The only thing we know for sure is that the Republicans will keep the House.  They already have a majority and the president’s party almost always loses seats in mid-terms. Our best guess is that GOP ends up with an enlarged majority.

The Senate, however, is completely up for grabs.  More Democrats have to defend seats this year.  President Obama’s low popularity, a Plow Horse recovery, scandals, and continued problems in the Middle East, had set up 2014 to be an anti-incumbent election.  It could have been a huge Republican wave.  Instead, the GOP has put its collective head in the sand, avoiding any real controversy, passing bills just to get things out of the way.  This is a “pro-incumbent strategy,” managed by risk-avoiding GOP members already in power.  As a result, the GOP Senate seat in conservative Kansas is up for grabs.

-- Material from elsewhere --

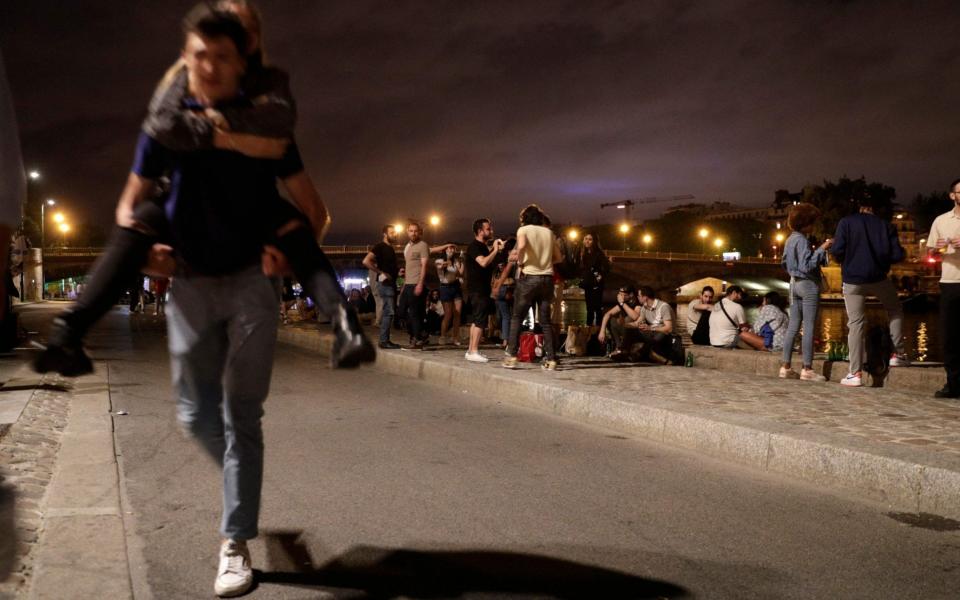 People stand on the banks of the Seine River past the 11pm Covid-19 curfew, early on June 12, 2021, after people gathered nearby at Les Invalides for an unauthorized outdoor party. - Geoffroy Van Der Hasselt/AFP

Despite this, the cards are stacked so high against the Democrats that the GOP will probably pick up enough seats to take the Senate.  According to polls, they’re running ahead in eight states now controlled by Democrats, although some of the leads are narrow, like in Colorado and Iowa.

The most likely result is that the GOP will end up with between 51 and 53 Senate seats, even though the GOP hasn’t put forward a broad positive policy agenda, and even though the GOP is behind in the money game.  A “do nothing” strategy has left their base uninspired.

This outcome of a slight GOP majority in the Senate won’t be able to overturn any vetoes, which means any hardball politics that attempts to use the budget process to extract major policy concessions from the President is unlikely.

We expect two more years of gridlock, with the possible exceptions of more oil exports and approval of the Keystone pipeline.  The White House would go along with these moves because the changes would help spur economic growth, some of it in the heavily-unionized commercial construction business, which would help Democrats keep the White House in 2016.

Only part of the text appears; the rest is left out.